With three probate attorneys in my employ, I grimace, my index finger hesitating, before clicking on the mouse to open an email marked Probate Inquiry from my English solicitor. The sky outside my study sluggishly lightens, yet I lost all sense of day and night weeks ago.

An insomniac driven not by an inability to sleep but by emails laden with documents to sign, notarize, and express mail return, I compile records requested by my English lawyer. Today’s list is the most overwhelming one to date:

  • an original death certificate;
  • original U.S. court-certified copy of my mother’s handwritten will;
  • original U.S. and Canadian court orders admitting my mother’s will to formal probate;
  • original U.S. and Canadian court orders appointing Steve and me as executors;
  • copies of my mother’s most recent British savings and checking account statements;
  • statements of the income and expenses for the bungalow in Bury St. Edmunds

As the moon ascends, I print out a lengthy document to read. The mini-tome, produced by the inheritance tax office of the HM Revenue and Customs department, meant to guide British citizens’ taxation responsibilities and/or working abroad, neglects to elucidate any answers to my frenzied questions. On the page, I scribble another set of words and definitions cited in the document.

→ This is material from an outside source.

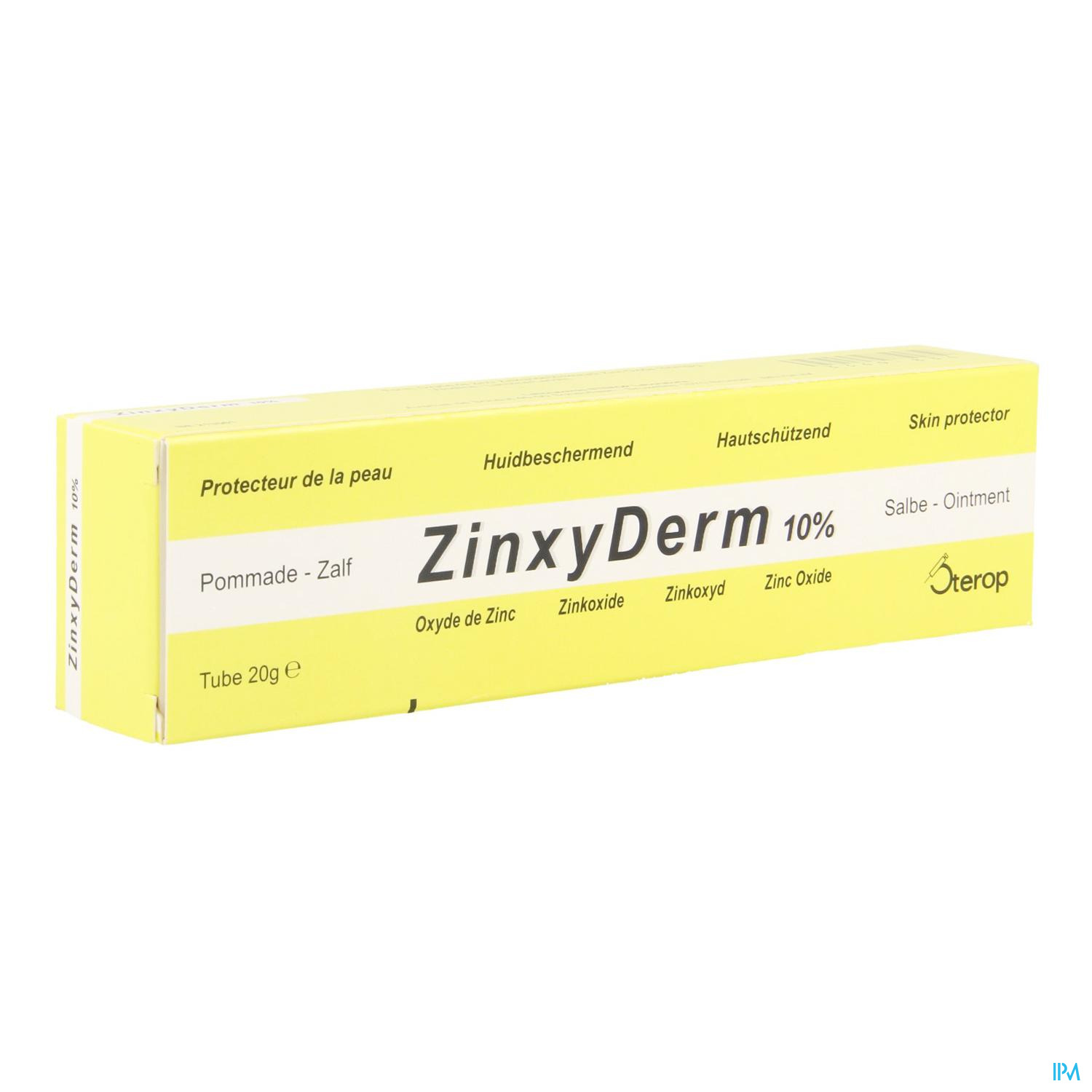 ZINXYDERM 10% ZALF 20G ZINXYDERM 10% ZALF 20G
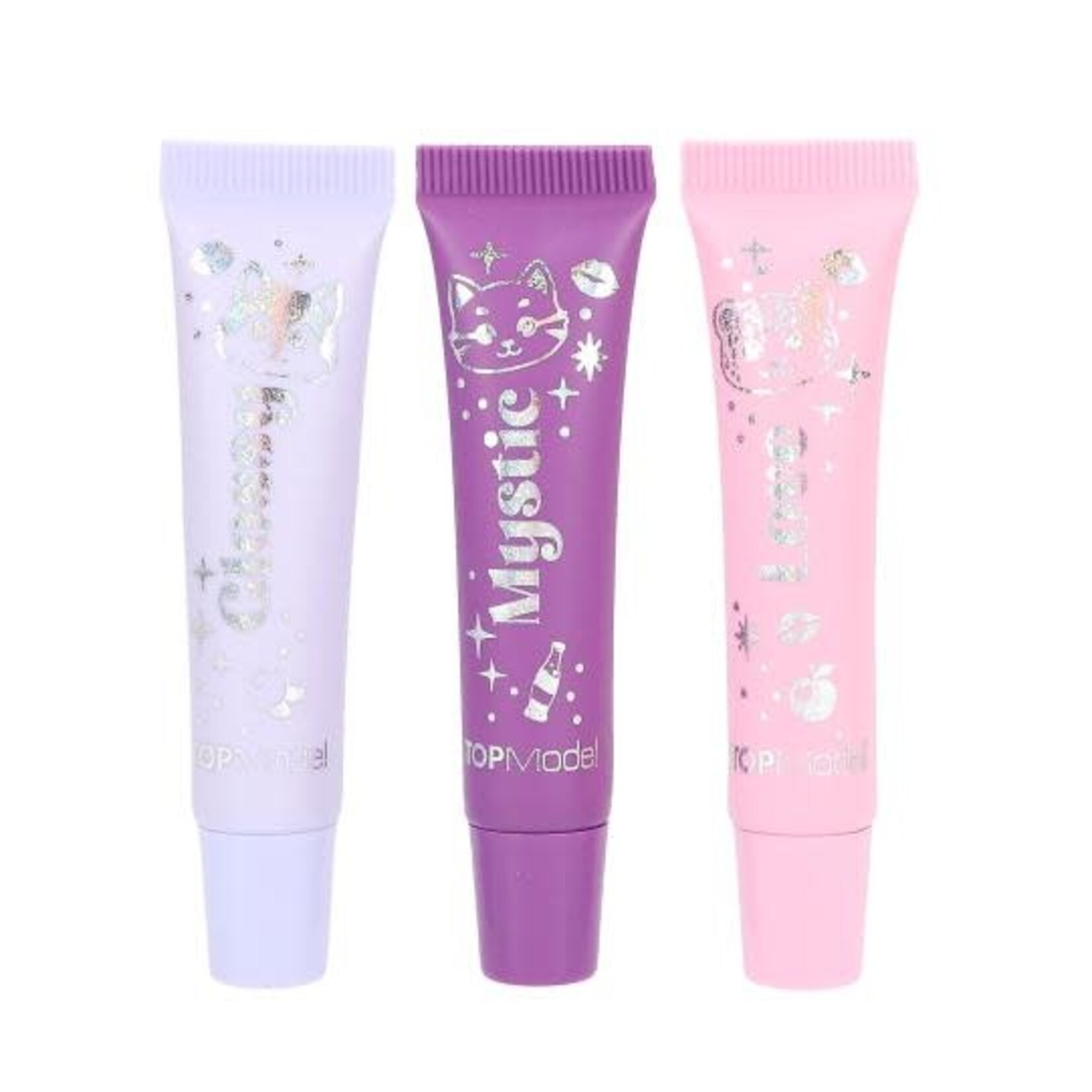 Topmodel TOPModel lipgloss set van 3 BEAUTY and ME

Domicile: the place where a person has his/her permanent principal home to which he/she intends to return. Where a person has several “residences,” it may be a matter of proof as to which is considered a person’s permanent state of domicile;

Resident: person residing 183 or more days in the UK in the tax year; owned, rented, or lived in a home for at least 91 days in total or at least 30 days in a tax year;

Non-resident: a person spending less than 16 days in the UK (or 46 days if not classed as a UK resident for the 3 previous tax years) or working abroad full-time (averaging at least 35 hours a week) and spending less than 91 days in the UK, of which less than 31 days were spent working;

Visitor: a person who visits, as for reasons of friendship, business, duty, travel, or the like.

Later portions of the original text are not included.